Bagaimana Membangun Komunikasi Dua Arah?
Lalu lintas dua arah seringkali menimbulkan kemacetan, terutama di daerah yang padat kendaraan. Tetapi, tidak demikian dengan komunikasi. Komunikasi dua arah justru memperlancar hubungan di berbagai bidang, baik di tempat kerja maupun di rumah. Membangun komunikasi dua arah memang tidak mudah, tetapi siapa tahu dengan menyimak yang berikut, Anda pun bisa melakukannya.
APAKAH PERLU KOMUNIKASI DUA ARAH?
· Untuk mengetahui apakah Anda memang perlu membangun komunikasi dua arah, coba jawab beberapa pertanyaan berikut.

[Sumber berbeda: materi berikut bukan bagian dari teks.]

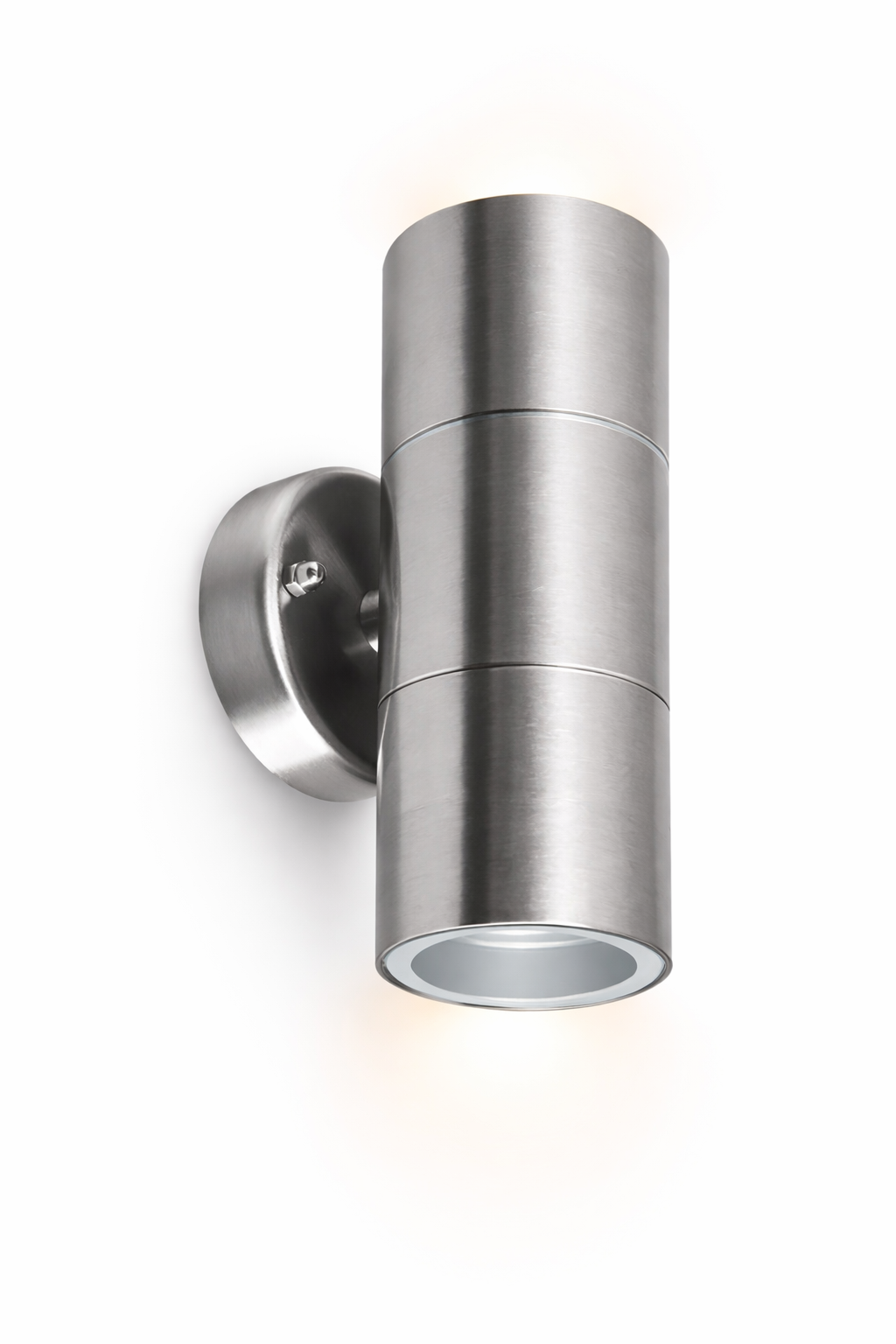 Luminaria de Pared Cilíndrica Doble ADE-013 | Iluminación Decorativa para Exteriores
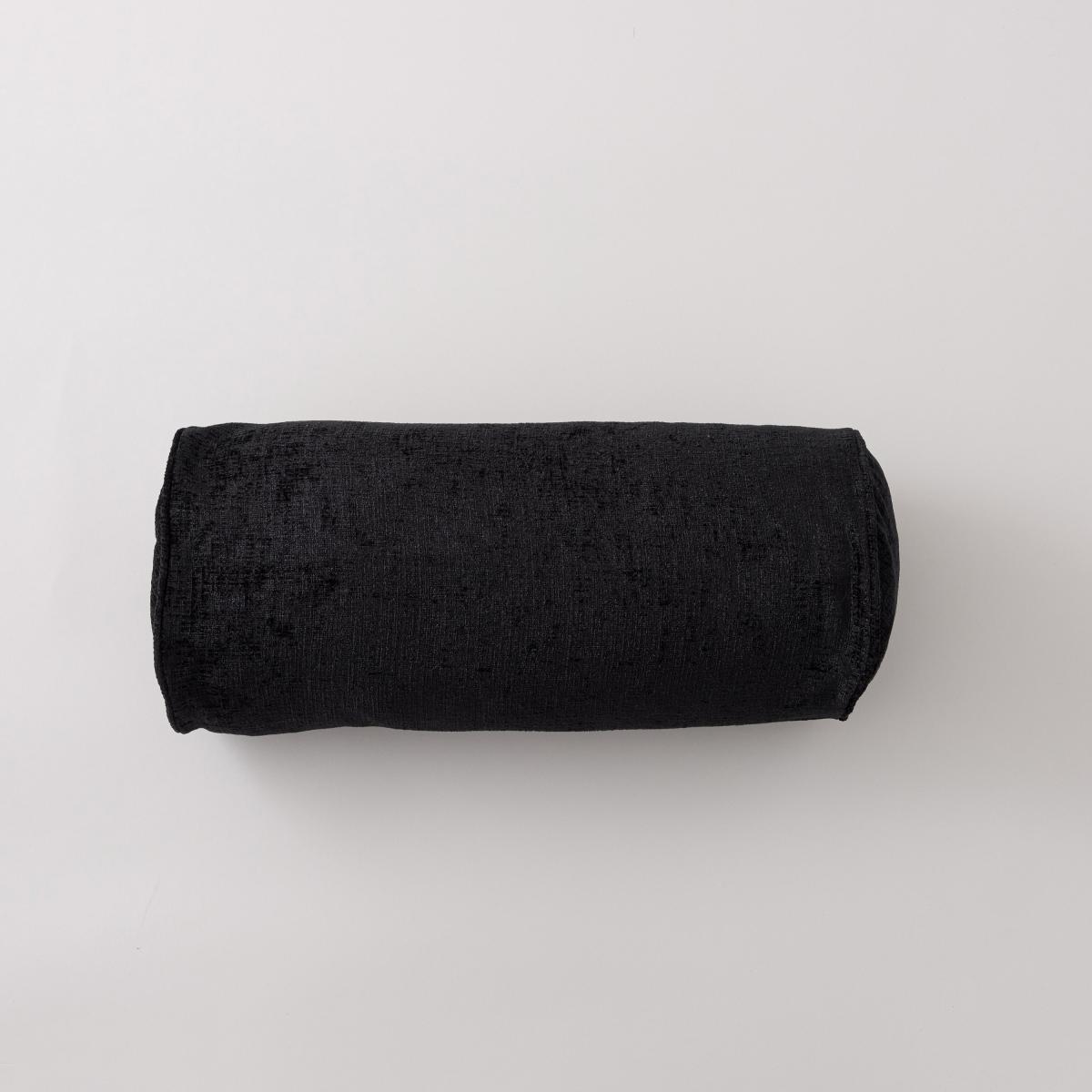 Chenille Bolster Cushion Black – image 2
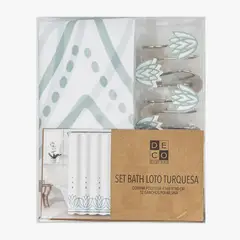 DECO EXPRESS - Set Bath 13 Pzs Loto Turquesa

· Apakah anak buah atau bawahan Anda sering datang kepada Anda dan secara nyaman menyampaikan ”unek-unek” mereka?
· Apakah Anda dan tim Anda bisa saling menerima kritik tanpa mengambil sikap defensif?
· Apakah Anda tahu rasa frustrasi, masalah, keinginan, minat anggota tim Anda?
· Apakah Anda sering menanyakan pendapat atau masukan dari anggota tim tentang suatu keputusan yang akan Anda ambil?
· Apakah dalam rapat dengan tim, ada kebebasan menyatakan pendapat, memberi usulan dan saran?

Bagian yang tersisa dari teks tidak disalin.